Governo e opposizione tornano a scontrarsi su visioni differenti sulla gestione dell’emergenza coronavirus. E l’opposizione torna a rivendicare una maggiore partecipazione. Solo nella giornata di ieri il leader della Lega Matteo Salvini avrebbe affermato: “Abbiamo fatto noi, con il lavoro dei nostri tecnici, una proposta che offriamo al paese, alle imprese, al governo, di taglio dell’Iva calcolata al singolo euro, che sicuramente darebbe impulso notevole a ripresa consumi”. Insomma, l’opposizione vuole partecipare, anche perché spesso e volentieri si dichiara in disaccordo con le manovre adottate dal governo. A confermarlo, anche le parole del leader di Fratelli d’Italia Giorgia Meloni, che su Sky Tg 24 avrebbe affermato: “Se l’opposizione non capisce niente, se sono tutti cretini ai quali dire ‘venite qui che vi spiego le cose’, questa non è collaborazione”.
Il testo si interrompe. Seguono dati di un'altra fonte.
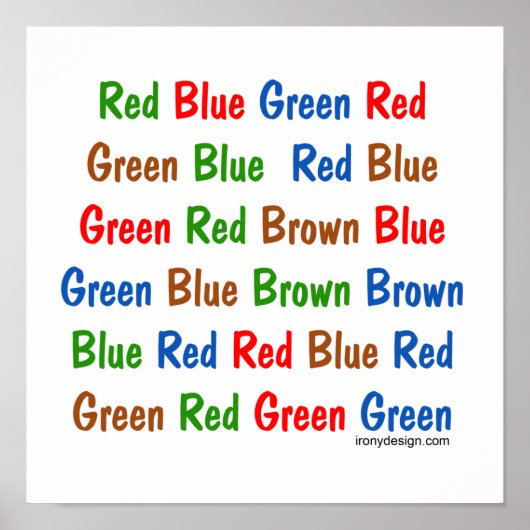 Poster L'affiche du test de Stroop (Devant)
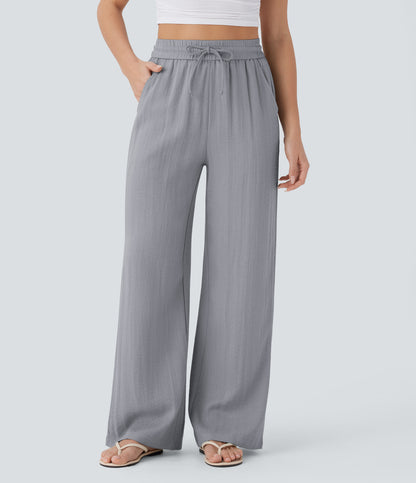 Linen-feel wide-leg drawstring pants in Steel Gray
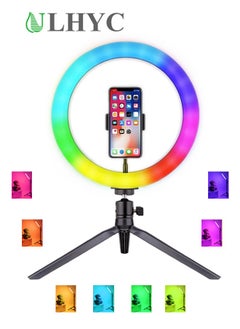 ULHYC RGB Photography Ring Light,2500K-8500K+0-360 Full Color Dimmable RGB Video Light,With Tabletop Tripod Stand 360 Degree Front and Rear Adjustment Angle for Photography,Video Conference,TikTok  - Image 1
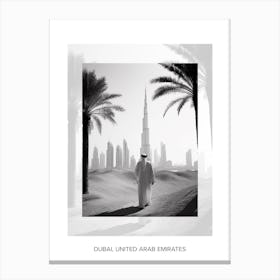 Poster Of Dubai, United Arab Emirates, Black And White Old Photo 1 Canvas Print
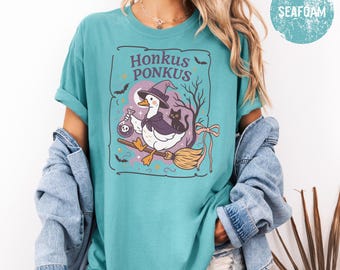 Halloween Witch Goose Comfort Colors® T-Shirt, Honkus Ponkus Tee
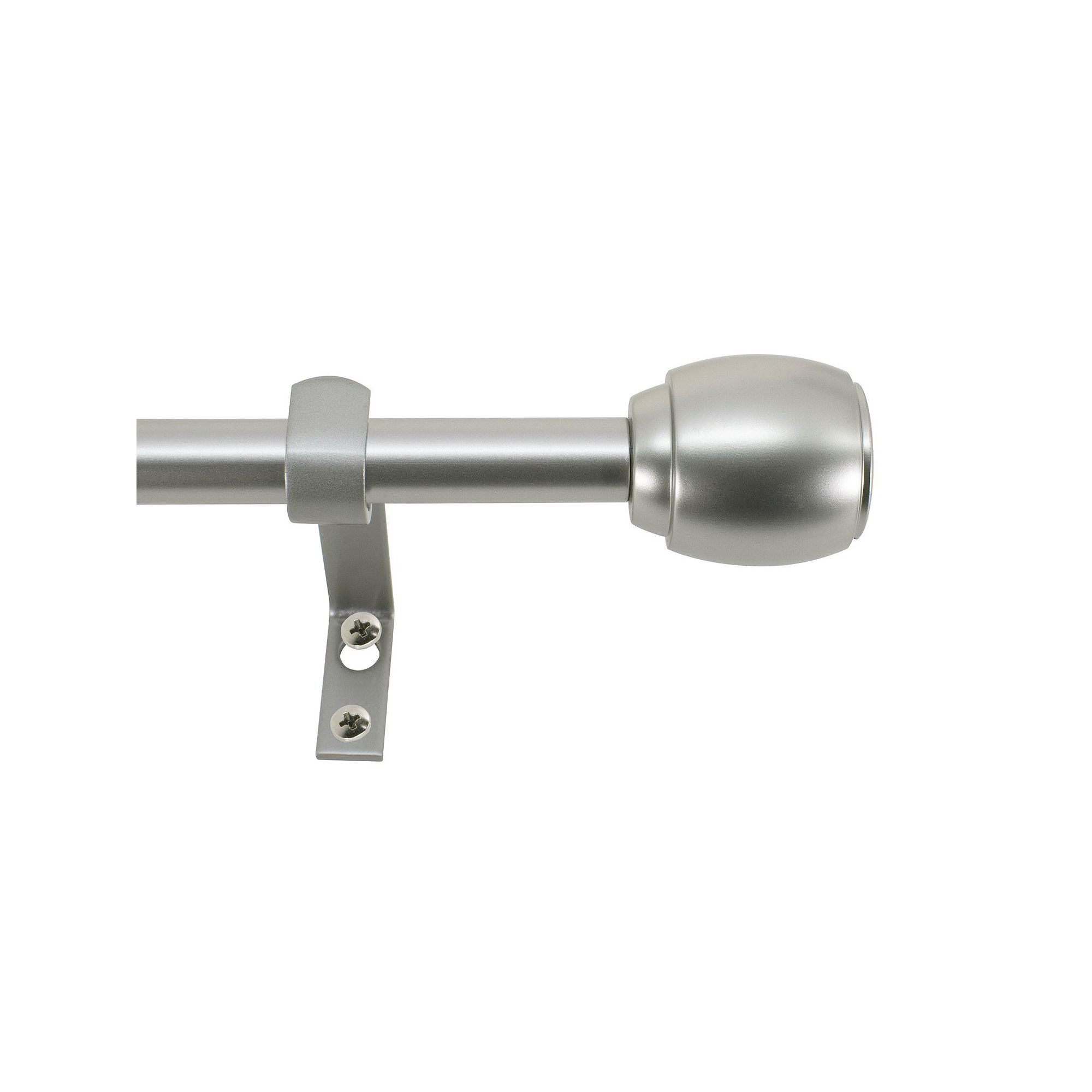 Montevilla 5/8 Diameter Cap Adjustable Curtain Rod Set, Silver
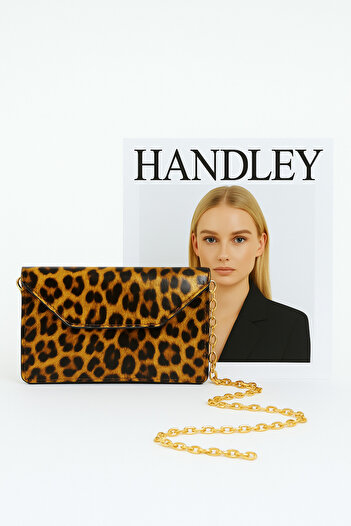 Handley Luxury Leopard Pattern Chain Strap Double Compartment Shoulder Bag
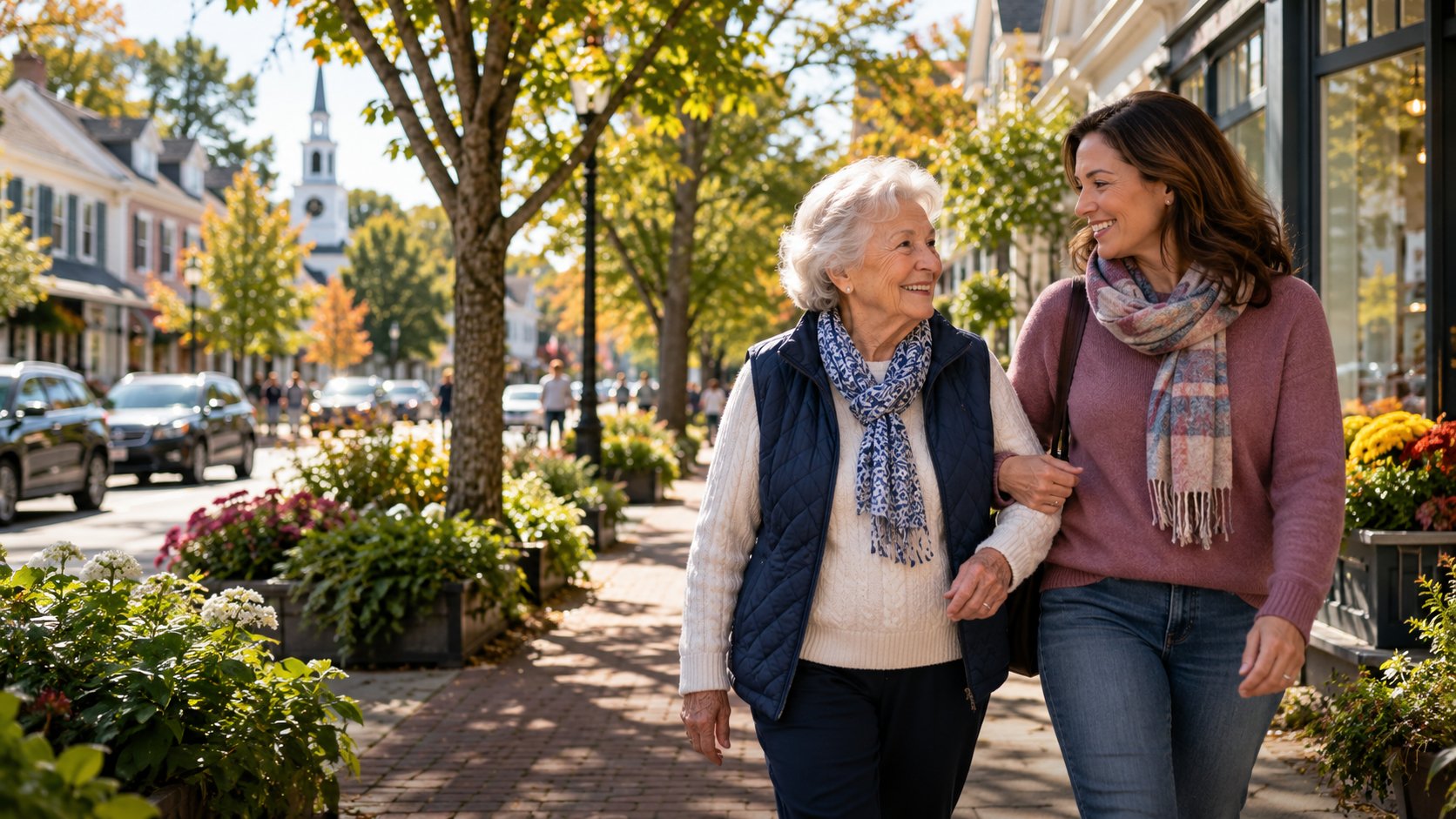 Older woman walking with her companion on a leafy local main street
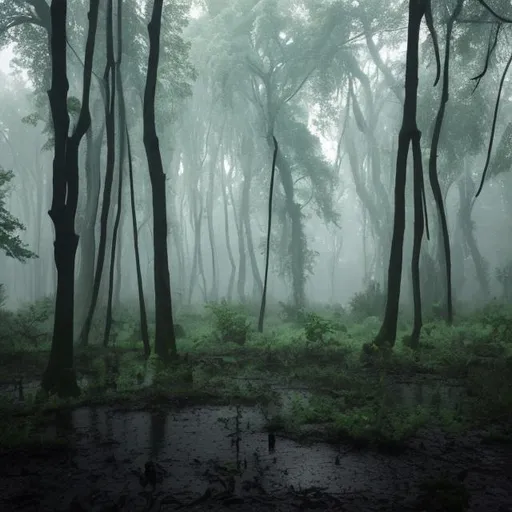 Prompt: A forest made out of rain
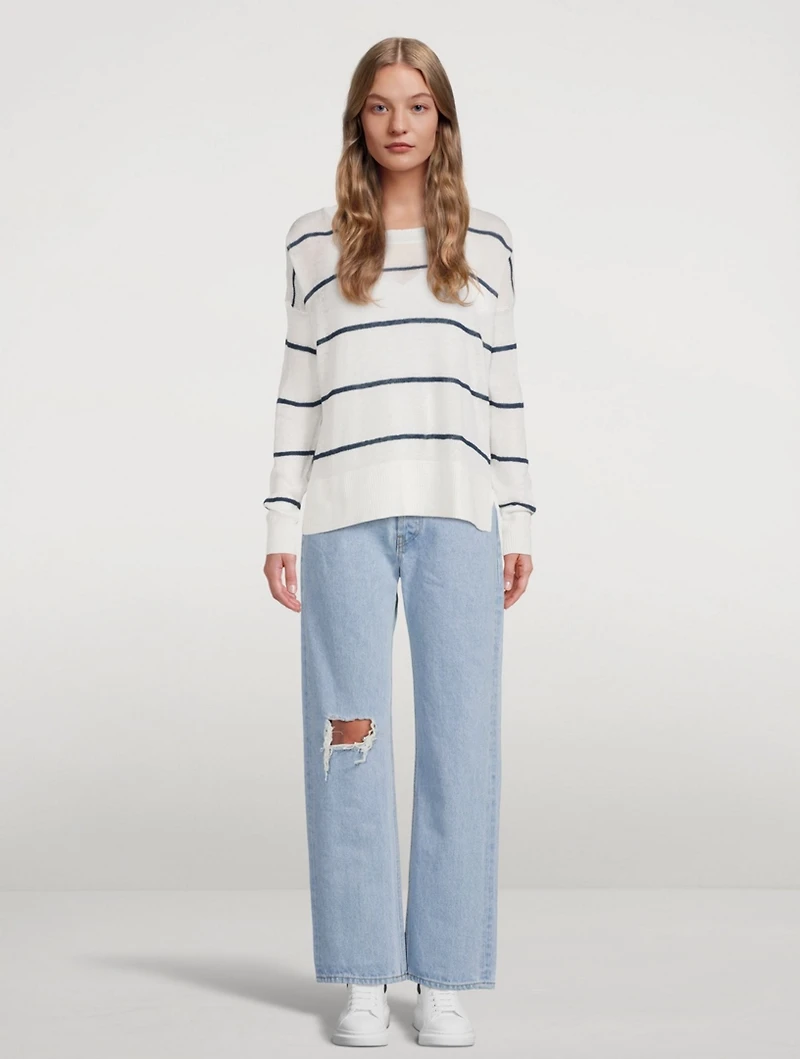 Linen Crewneck Sweater Striped Print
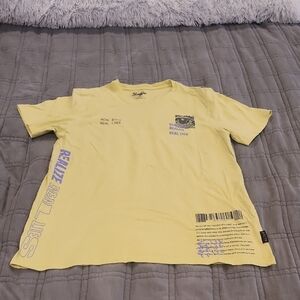 Brooklyn Cloth Yellow "Real Lies" Graphic Tee Size L!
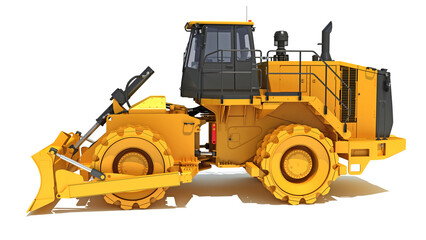 Soil Compactor 3D rendering on white background
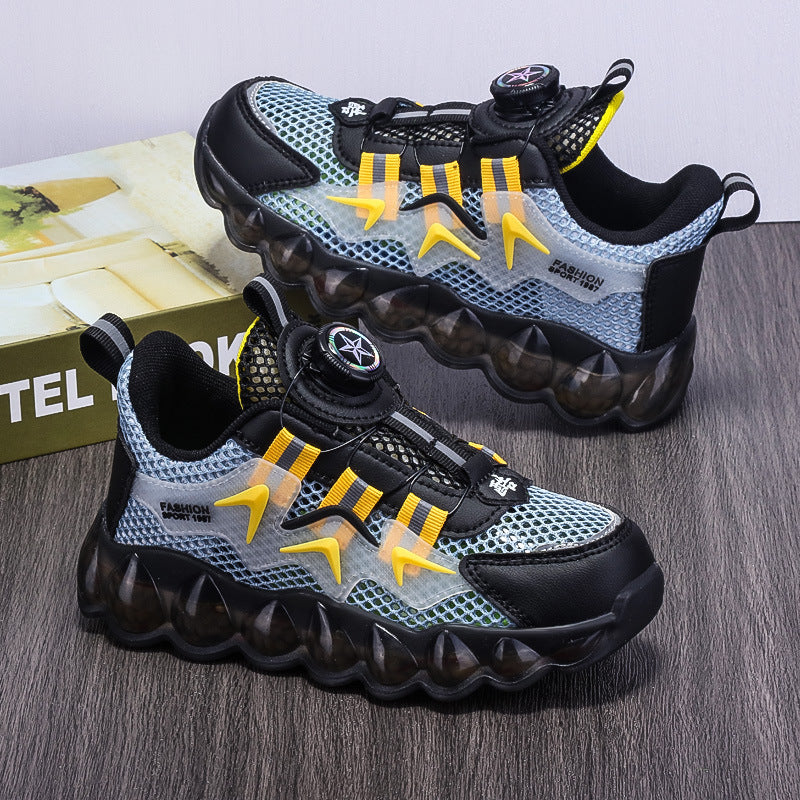 Chaussures de course respirantes à semelle souple pour garçons, idéales pour les loisirs et le sport, avec surface en maille creuse - LUXARAH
Le responsabilità del lockdown
Meloni passa allora a snocciolare le proposte avanzate dall’opposizione. Prima tra tutte, la divisione in zone. “Condivido la diversificazione territoriale ma ha senso se è fatta su base provinciale. Abbiamo 2 esigenze: combattere la pandemia e non mettere l’Italia economicamente in ginocchio. Più si lavora per cerchi concentrici e più si possono tenere insieme le due esigenze”. Su un ipotetico lockdown poi ribadisce: “Se si arriverà al nuovo lockdown l’Italia avrà un contraccolpo significativo e ci saranno responsabilità chiare, visto che si sarebbe potuto evitare. Chiedo coinvolgimento per valutare insieme misure alternative”. E proprio sulle chiusure e sulle presunte responsabilità del governo arriva l’attacco della Meloni, che commenta: “Il virus non si diffonde nei ristoranti, il tema è il trasporto pubblico. Il governo ci arriva oggi finalmente ma risolvendolo togliendo capienza”.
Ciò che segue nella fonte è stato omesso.